During February 2014, NSL issued an Unsecured Convertible Promissory Note for $23,700 (the "February 2014 Convertible
Promissory Note"). The February 2014 Convertible Promissory Note is unsecured, due nine months from the date of issuance,
accrues interest at 8% per annum and is convertible into shares of NSL's common stock at any time at the option of the holder
at a discount from market of 50% of the fair market value of one share of NSL's common stock based on the lowest bid during
the thirty days prior to the conversion date.

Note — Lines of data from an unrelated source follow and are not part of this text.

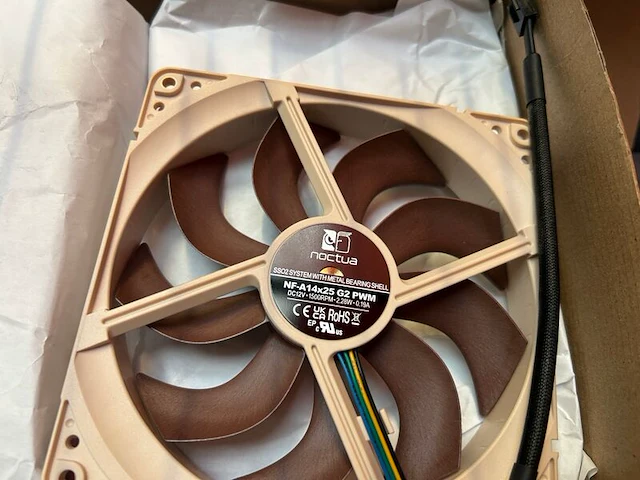 4x computer- en pc-koelaccessoires, w.o. noctua - afbeelding 4 van  5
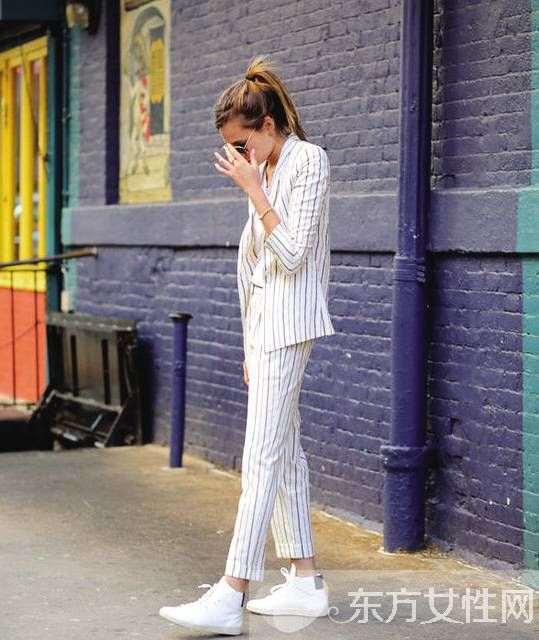 鞋底变黄怎样洗白,鞋底发黄怎么保养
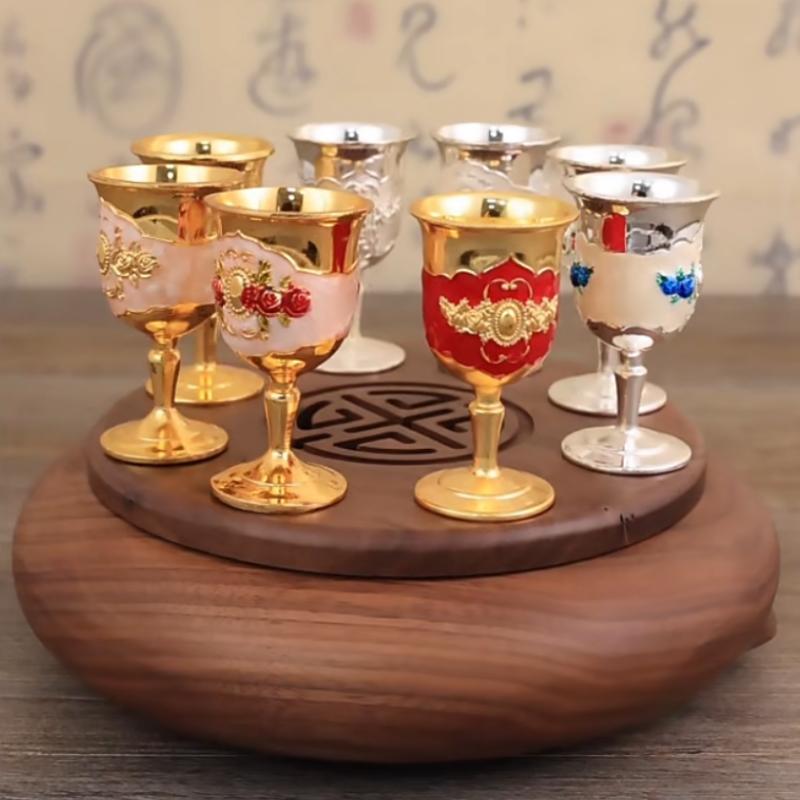 European Mini Wine Glass, Carved Spirit Vodka Cup, Alloy Portable Spirits Goblet, Tabletop Living Room Decoration, 30ml,1pcs
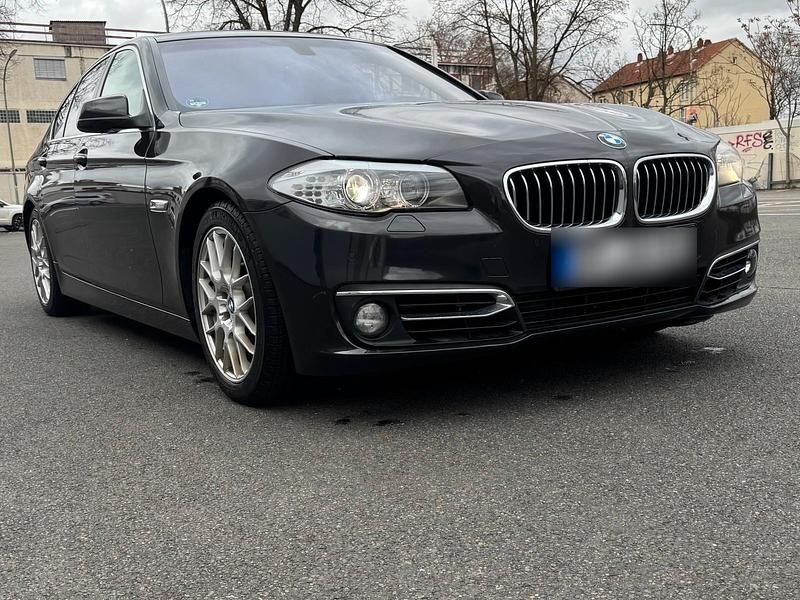 Gebraucht BMW 520 2012 Grau Limousine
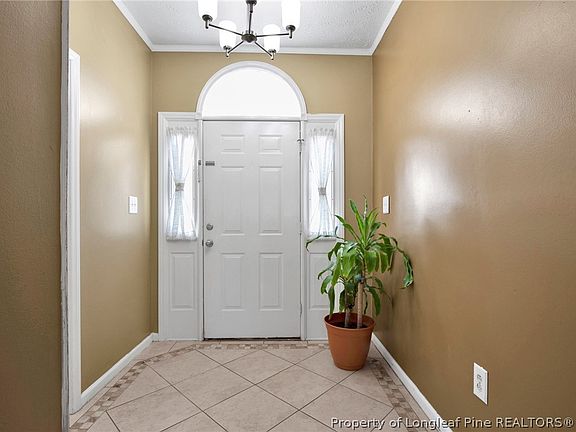 5th image of 204 Independence Dr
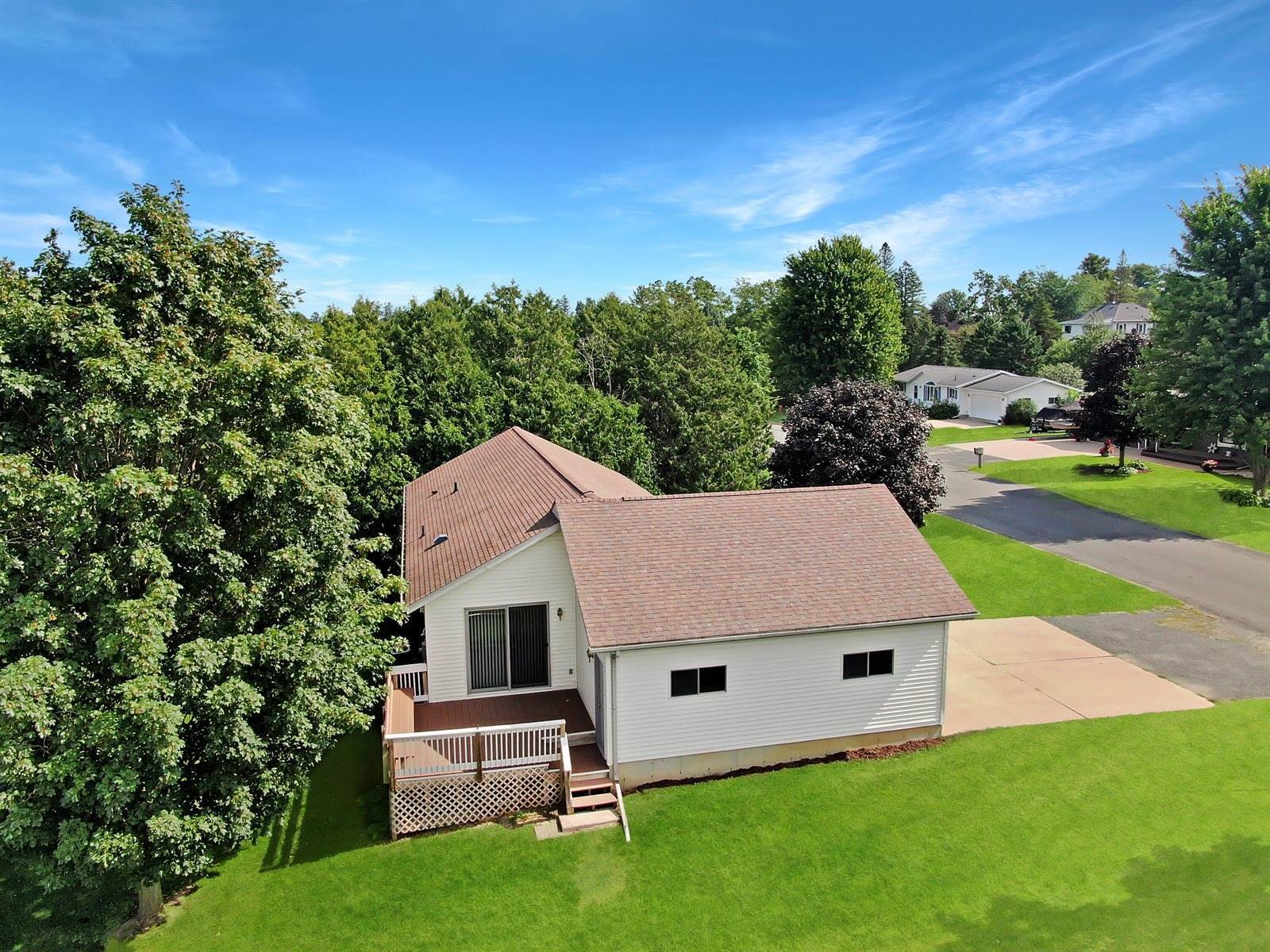 102 North Nelson St, Westby, WI 54667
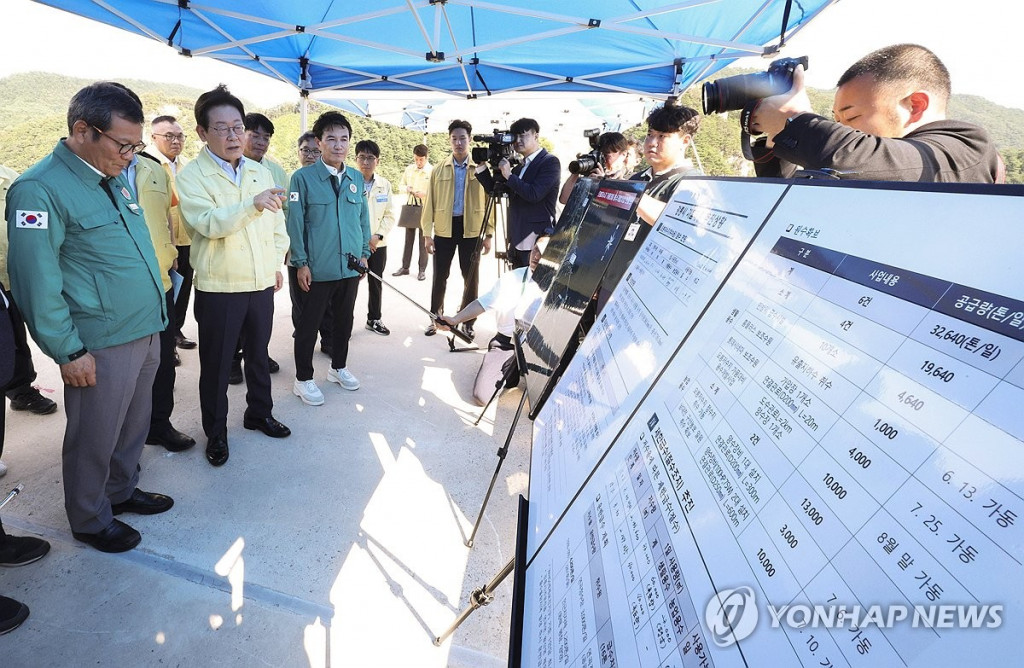  이재명 대통령이 30일 강원 강릉시 성산면 오봉저수지를 방문해 가뭄 대응 추진 상황을 점검하고 있다. [대통령실통신사진기자단]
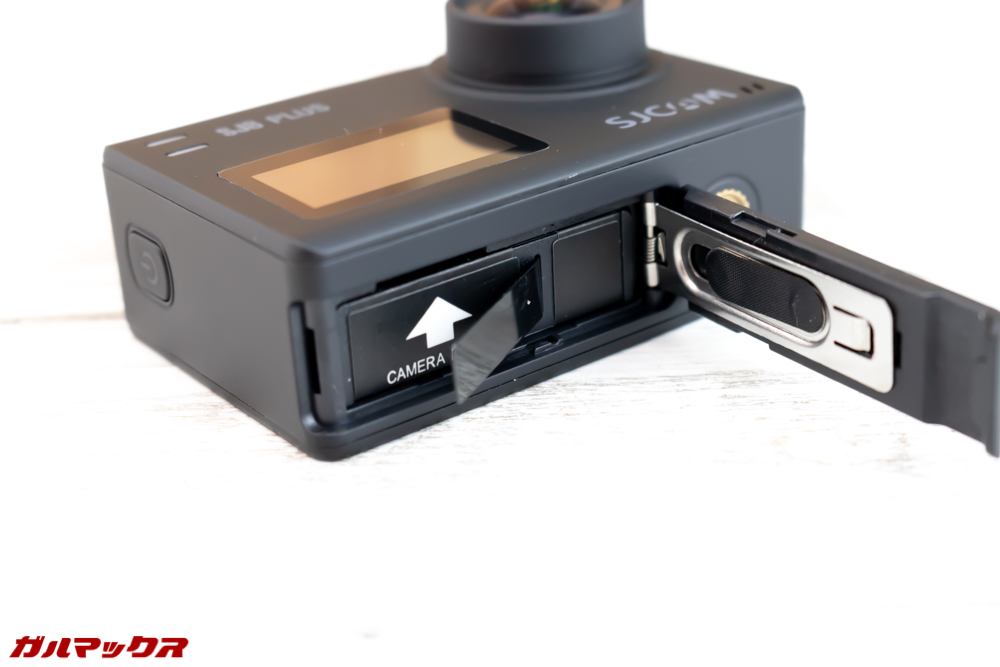 SJ8 PLUSのMicroSDスロットはバッテリーケースの中です。
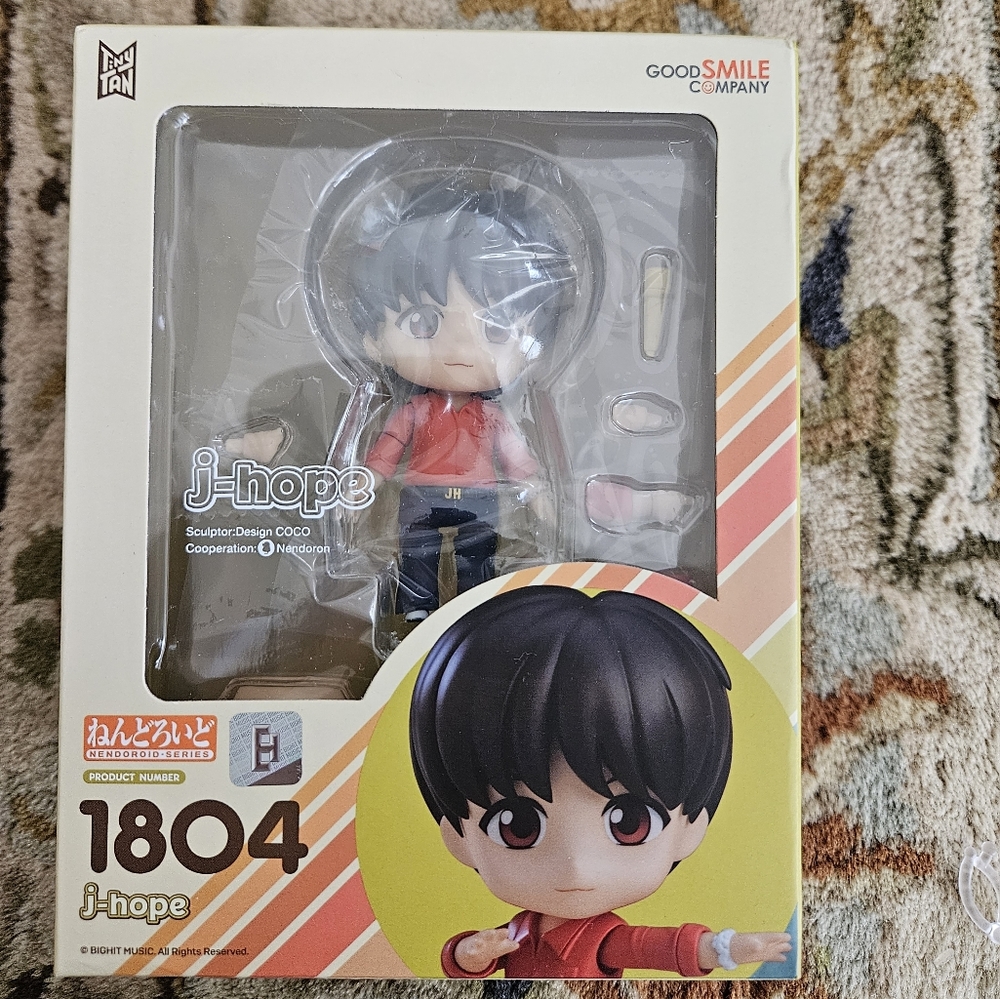 *NIB* tinyTAN BTS Nendoroid Fig 1804 J-HOPE KPOP Dynamite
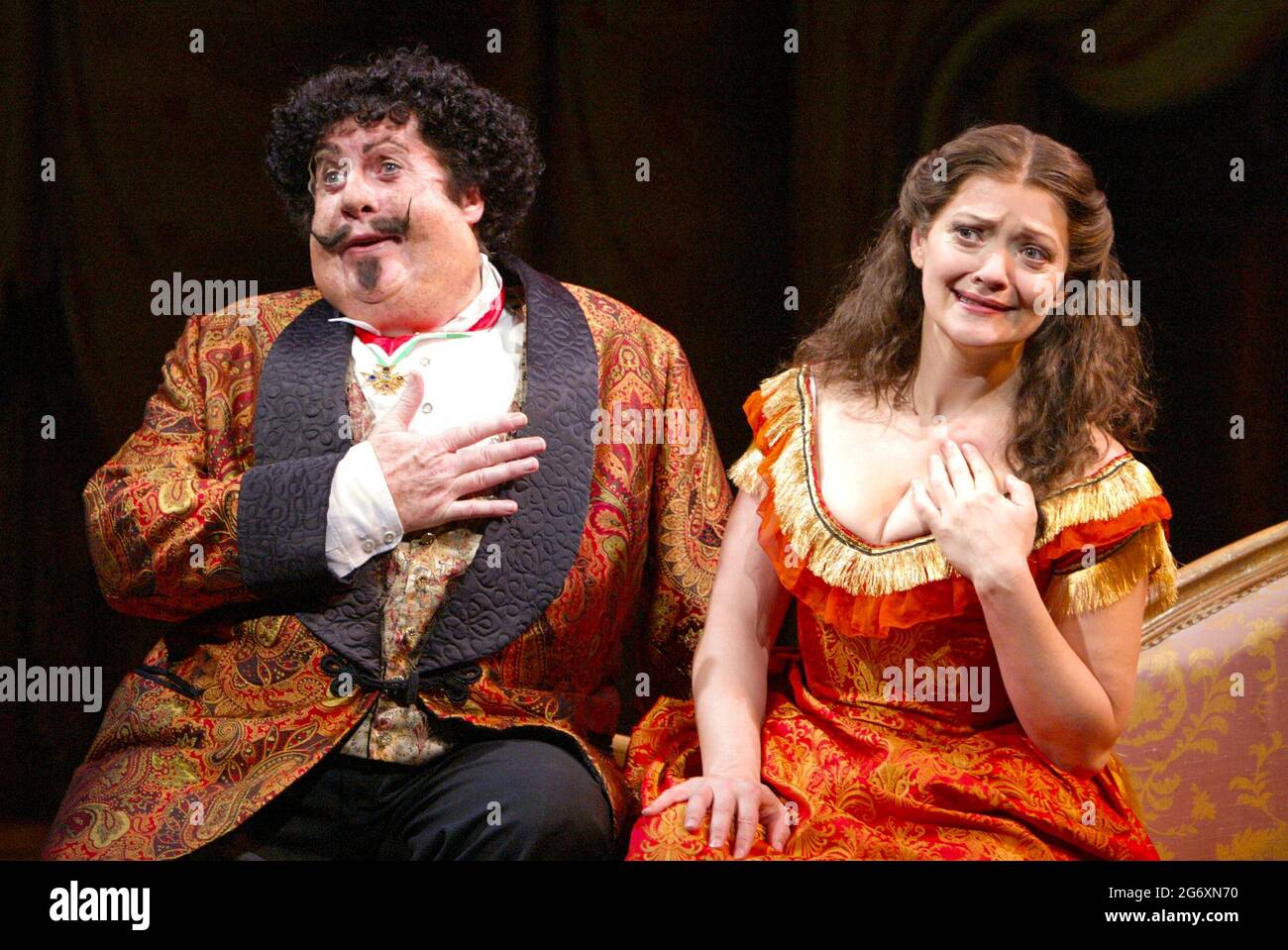 Michael Crawford (Count Fosco), Maria Friedman (Marian Halcombe) in THE WOMAN IN WHITE at the Palace Theatre, London W1 15/09/2004 Musik: Andrew Lloyd Webber Texte: David Zippel Buch: Charlotte Jones nach dem Roman von Wilkie Collins Design: William Dudley Beleuchtung: Paul Pyant Tanz & Bewegung: Wayne McGregor Regie: Trevor Nunn Stockfoto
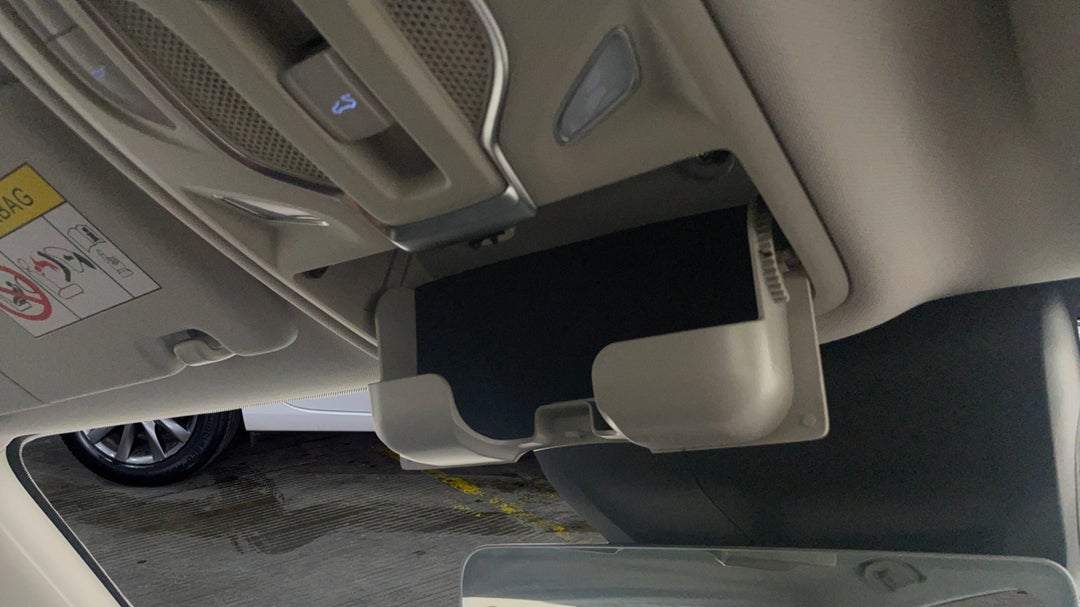 On-Roof Controls/Sunglass holder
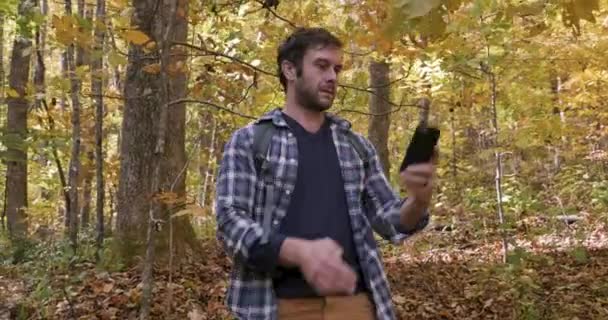 Ember elvesztette az erdőben anélkül, cellás szolgáltatás kiabálás segítségért — Stock videók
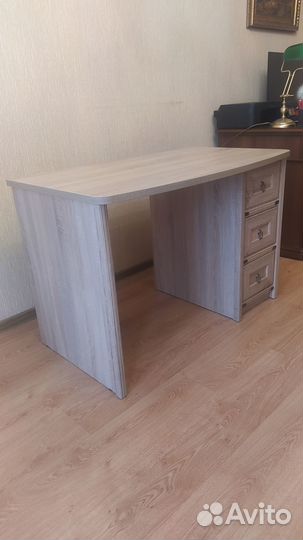 Детский письменный стол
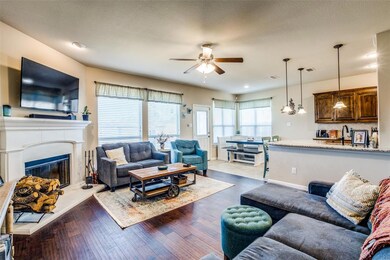 1204 Vaughna Dr, Weatherford, TX 76087 - photo 5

During April 2014, NSL issued an Unsecured Convertible Promissory Note for $5,000 (the "April 2014 Convertible
Promissory Note"). The April 2014 Convertible Promissory Note is unsecured, due nine months from the date of issuance,
accrues interest at 8% per annum and is convertible into shares of NSL's common stock at any time at the option of the holder
at a discount from market of 35% of the fair market value of one share of NSL's common stock based on the average of the
three lowest bid prices during the thirty days prior to the conversion date.
During the six months ended May 31, 2014, two Convertible Promissory Notes became convertible into shares of the
Company's common stock. The fair value of the conversion options was determined to be $309,807 using a Black-Scholes
option-pricing model. Upon the date the Convertible Promissory Notes became convertible, $57,500 was recorded as debt
discount and $252,307 was recorded as day one loss on derivative liability.
During the six months ended May 31, 2014, $25,815 in principal amounts of Convertible Promissory Notes were converted into
common stock (see Notes 4 and 6), $54,819 in related derivative liability was extinguished through a charge to paid-in capital
and $137,606 was recorded as a net loss on mark-to-market of the conversion options and warrants.